# Cast swing, golf swing



## Tommy (Jan 24, 2001)

How many casters out there golf? How many golfers out there also enjoy surfcasting??

A few weeks ago my brother Charlie and Cuz Bill Bailey came down and spent a week with Kim and I. We hit Fort Fisher multiple times but also spent some time doing something I haven't done in 25+ years..... Golf.

At first I was just going to drive the goomers around in the cart but instead decided to give it a go. We had a blast playing two local courses, one cheap and one nice. Also spent some time on the local driving range whacking balls.

My observation is there are similarities and significant differences in the swing. The differences are obvious, the similarities a bit more subtle.

Maybe this thread will take off, I'm interested in what you guys think.

Tommy


----------



## Hudak (Sep 10, 2007)

I would think head, hands, then hips would be the same. Difference being head is on the ball as opposed to the horizon.


----------



## lil red jeep (Aug 17, 2007)

I do golf, and though I a no distance caster, I do try to hit it from the sand and piers when it's called for. Timing is the critical thing in both. the kingfeeder says "head,hands, then hips", and in golf, you want to keep your head as still as possible, star the hands down on plane, and clear the hips well before the club strikes the ball. Watching your casts Tommy on Youtube, I can see where you would have the strength and flexibility to obviously rip the cover off the ball, but I would guess it would come more from athletiscism than from a distance casting technique. WHat really sucks is trying to play golf early in the day and playing a softball game later that evening. For me, everything is a pop fly after a round of golf.


----------



## AbuMike (Sep 3, 2007)

Indeed Tommy. Form, mechanics, timing and technique are all involved in both. I think there are lessons to be taken from both.


----------



## SALTSHAKER (Dec 5, 2002)

I think the simularities in both would be the hit. The golf swing is naturally the down swing with the finish and transfer from back to front and the cast would be the push pull finish again with the weight transfer from back to front... as you can readily tell I ain't no golfer or much of a caster for that matter but they do appear to be the same sort of action.... salt


----------



## yerbyray (May 18, 2010)

Being a rank amateur at each I noticed when I first attempted land distance casting that the more force I applied, the less distance I actually got. 

My golf swing was the same way.
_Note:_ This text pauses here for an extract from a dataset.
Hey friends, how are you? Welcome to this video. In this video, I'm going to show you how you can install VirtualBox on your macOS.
It perplexed the snot out of me that I couldn't drive 250 yards (I'm 6'1" and 300 lbs and active, I also like long walks in the rain)....anyways I was not loading the driver properly because as a beginner I had bought a very stiff flex shaft that I had little experience with. I switched to a flex shaft that matches my swing style/speed and now squirrels 270 yards away and to the right of the fairway better watch out.
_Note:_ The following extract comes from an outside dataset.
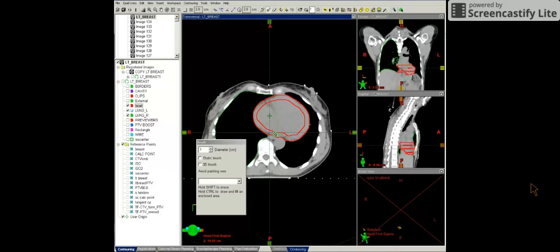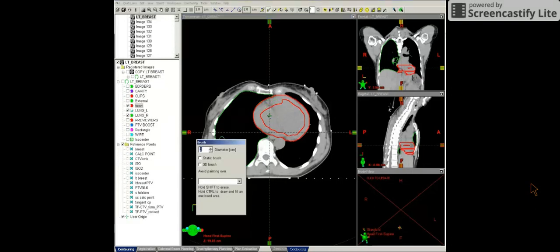And I want to make sure I avoid the esophagus directly below here. And now I can fill this in and use a larger diameter.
Distance in casting comes when you have the pole loaded and doing the work. I think. I am hoping that is right. Sounds good. 

My .02 cents.


----------



## Tommy (Jan 24, 2001)

Interesting stuff. 

One thing that I've learned about hitting a driver (other than don't borrow one, they break). When I go into the "knock the hell out of it" casters mindset mode the slice is pretty darn impressive. Maybe two fairways over when it lands, but impressive...lol

Tommy


----------



## lil red jeep (Aug 17, 2007)

yerbyray said:


> (I'm 6'1" and 300 lbs and active, I also like long walks in the rain)....anyways


I think I saw this on a Match.com commercial! Thats pretty funny stuff!


----------



## yerbyray (May 18, 2010)

lil red jeep said:


> I think I saw this on a Match.com commercial! Thats pretty funny stuff!


Nope not me. I find women the old fashion way...stand behind a garbage can and throw rocks at them.


----------



## lil red jeep (Aug 17, 2007)

When are you playing the local comedy club? You've got good stuff!


----------



## big brother (May 15, 2002)

Come on guys, give Tommy lot's of tips-death grip, light grip, strong grip, weak grip, feet wide apart, feet shoulder width, open face, closed face, big divot, small divot, tee low, tee high, start with hips, start with shoulders, slow take away, quick takeaway, and the most important, subscribe to Golf Digest and follow all the "tips and tricks" possible. Golf is about the only thing I can still beat little Bro at and us older guys need to keep it that way. LOL
charlie


----------



## Tommy (Jan 24, 2001)

big brother said:


> Come on guys, give Tommy lot's of tips-death grip, light grip, strong grip, weak grip, feet wide apart, feet shoulder width, open face, closed face, big divot, small divot, tee low, tee high, start with hips, start with shoulders, slow take away, quick takeaway, and the most important, subscribe to Golf Digest and follow all the "tips and tricks" possible. Golf is about the only thing I can still beat little Bro at and us older guys need to keep it that way. LOL
> charlie


Is that all there is to it???

You are in trouble brother, I've found the secret "lock and *CAST*" 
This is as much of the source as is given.